The animal care and use protocol was approved by the Animal Care and Use Committee of Texas Tech University. A 2 x 2 factorial study was conducted to determine the effects of L-Arg supplementation in gestation in combination with lactation diets on the lactation performance of 38 first-parity sows (Camborough 22, Pig Improvement Co., Franklyn, KY).
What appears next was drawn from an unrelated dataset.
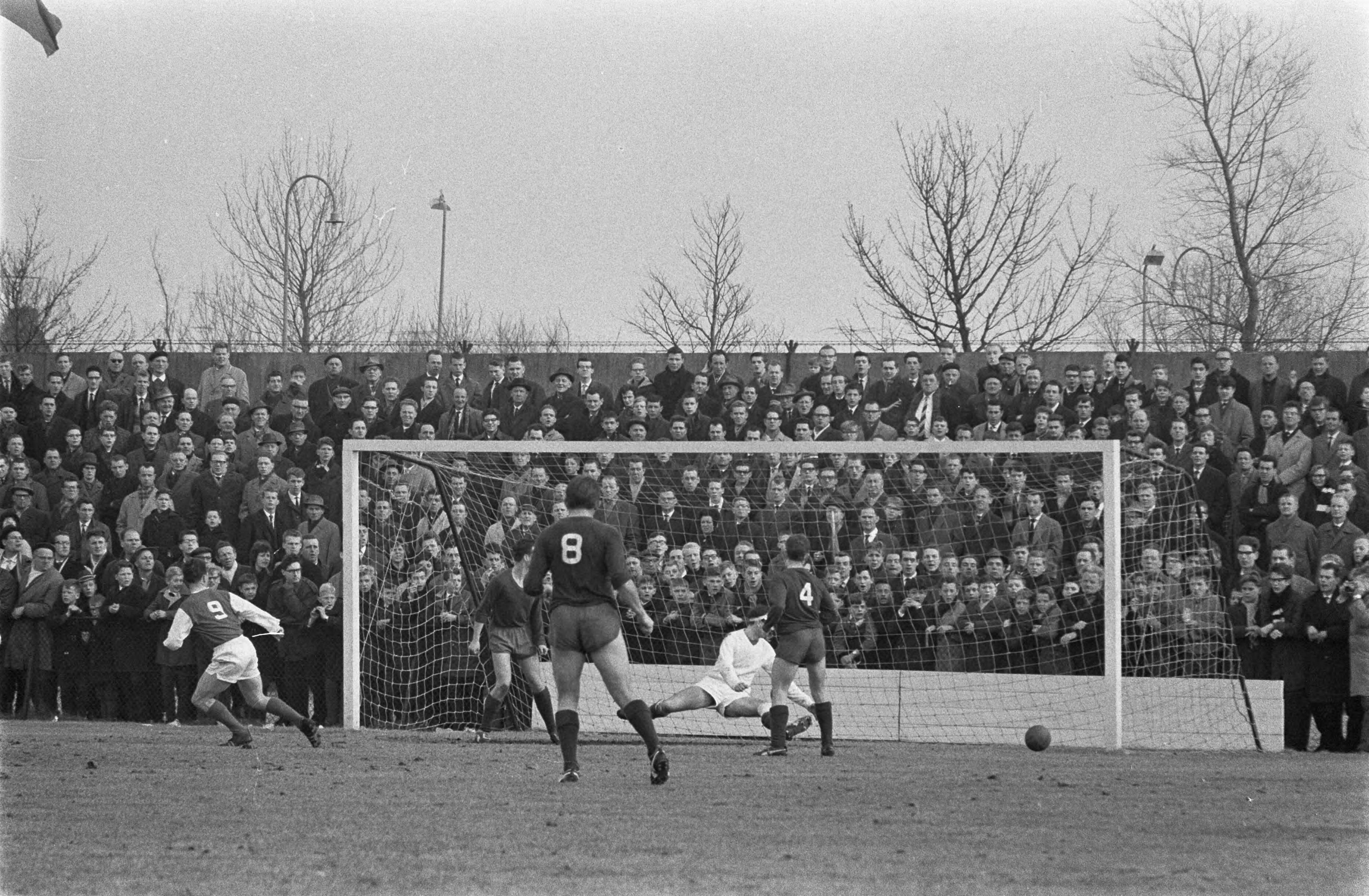 Fotocollectie Anefo — Voetbal. Haarlem tegen HVC 2-2. Het eerste doelpunt van HVC gemaakt door Houtveen — Foto: Gelderen, Hugo van / Anefo. Licentie: Set B: Rechtenvrij / Publiek Domein. Bron: Nationaal Archief. http://hdl.handle.net/10648/aa2e499e-d0b4-102d-bcf8-003048976d84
At d 30 of gestation, pregnant gilts with an average BW of 166.3 ± 1.8 kg and BF thickness of 13.3 ± 0.2 mm were housed in individual gestation crates (2.1 x 0.6 m), and gilts with similar BW were paired and then randomly allotted to 2 dietary treatments, which consisted of corn- and soybean meal-based diets supplemented with either 1% L-Arg·HCl or 1.7% L-Ala (isonitrogenous control, Ajinomoto, Tokyo, Japan; Table 1). At 110 d of gestation, pregnant gilts were transferred to individual farrowing crates (1.5 x 2.2 m). Within 24 h postfarrowing, sows in each treatment group were assigned randomly to corn- and soybean meal-based lactation diets supplemented with either 1% L-Arg·HCl or 1.7% L-Ala (isonitrogenous control; Table 1). Litter size was standardized to 10 piglets, depending on their availability, by cross-fostering within 24 h postfar-rowing. The number of piglets per sow ranged from 9 to 13 piglets but was equalized within BW groups (blocks). Alanine was chosen for the isonitrogenous control because Ala is not toxic and is not a substrate for Arg synthesis, but is extensively catabolized by pigs (Kim and Wu, 2004; Kohli et al., 2004). Furthermore, previous studies have shown no differences in reproductive performance between first-parity sows provided either conventional diets or diets supplemented with 1% Ala (Ji, 2004; Mateo et al., 2007). The supplemental level of 1% L-Arg·HCl was chosen because it was shown in our previous study to increase plasma concentration of Arg in pregnant pigs by 65% at 2 h after feeding. This indicated that Arg provided through dietary supplementation can be delivered to the body successfully for further metabolism (Wu et al., 2007).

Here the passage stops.